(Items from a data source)
╔══

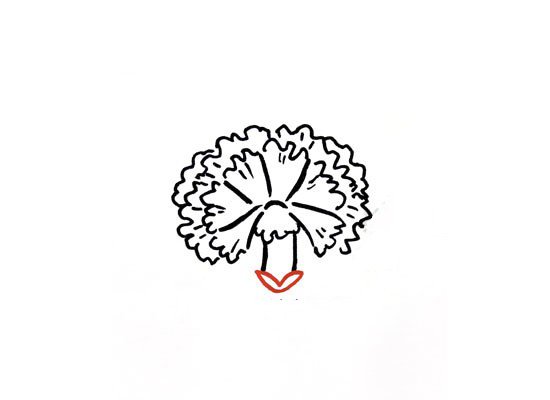 画一束漂亮的康乃馨简笔画-8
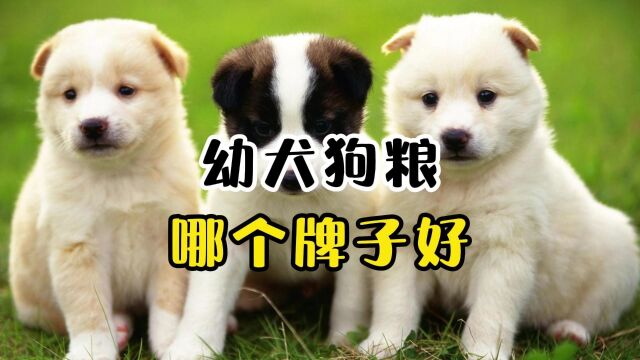 幼犬狗粮怎么选?4款幼犬狗粮推荐!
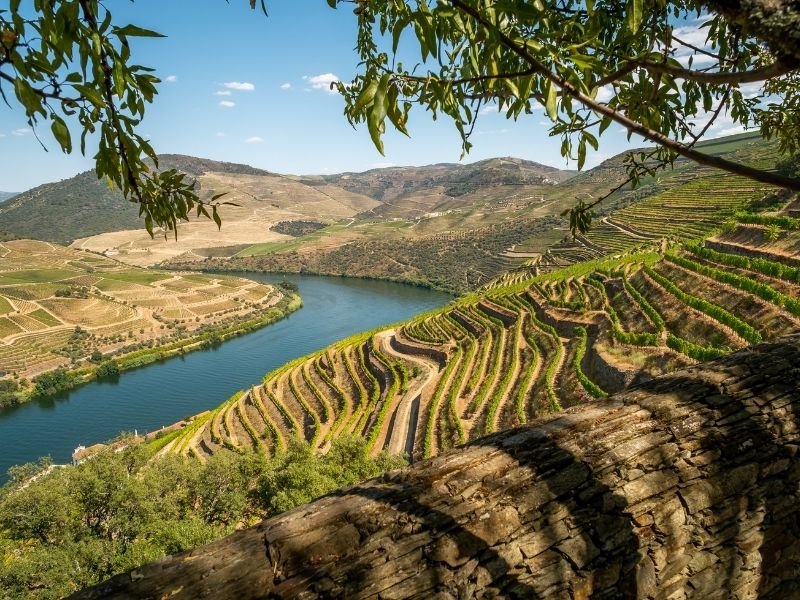 rows of vineyards next to the douro river in the douro valley of portugal, a wonderful wine region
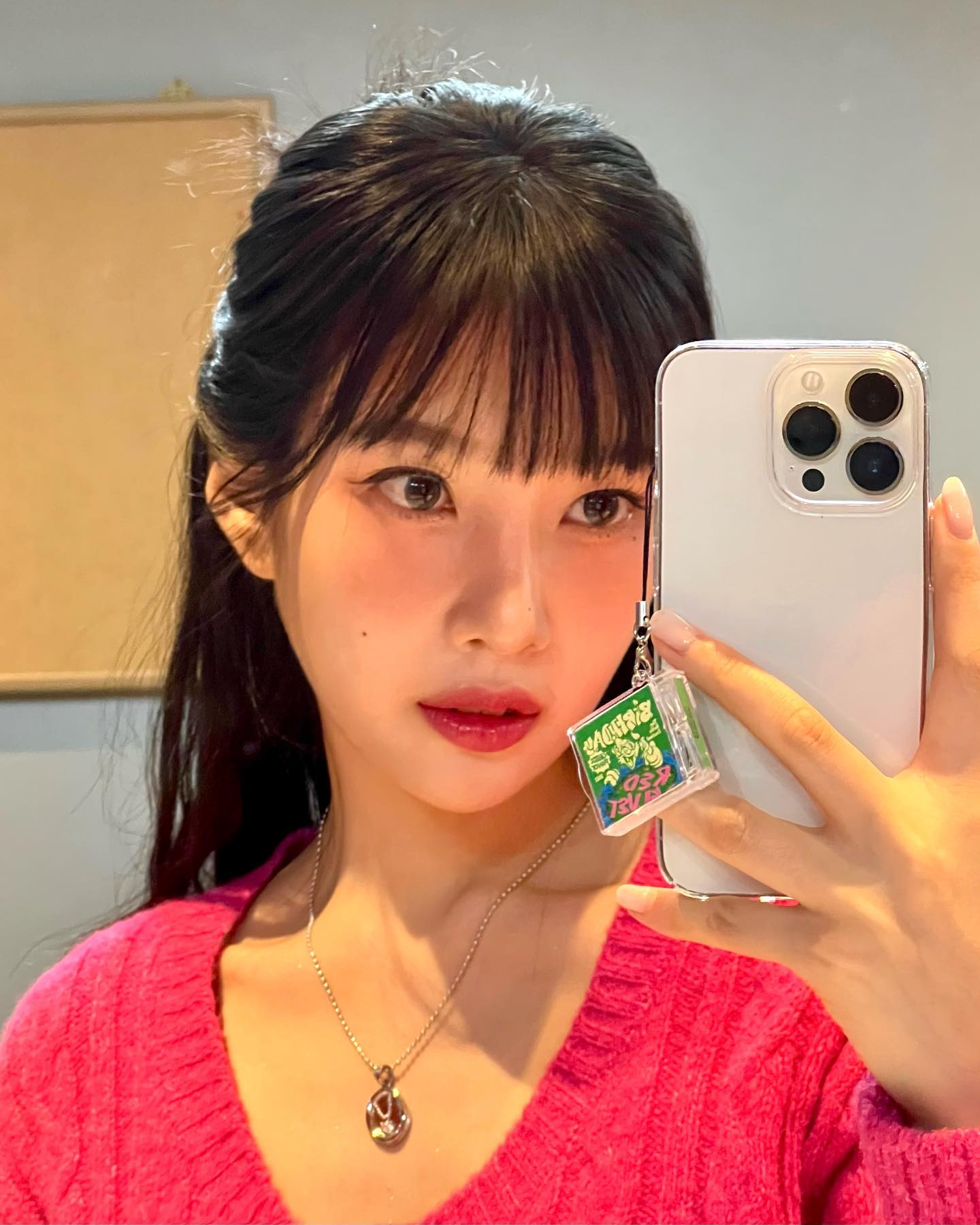 레드벨벳 멤버 조이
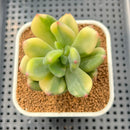 Pachyphytum 'Doctor Cornelius' Variegated 2"-3" Succulent Plant Cutting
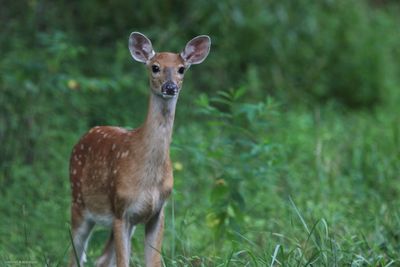 Deerlet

╚══

### Task requirements:
Starting at the line that contains "Pachyphytum 'Doctor Cornelius'" and ending at the final line of the data, reproduce each line exactly. Pictures stay out of the copy.

### Answer to the exercise:
 Pachyphytum 'Doctor Cornelius' Variegated 2"-3" Succulent Plant Cutting
 Deerlet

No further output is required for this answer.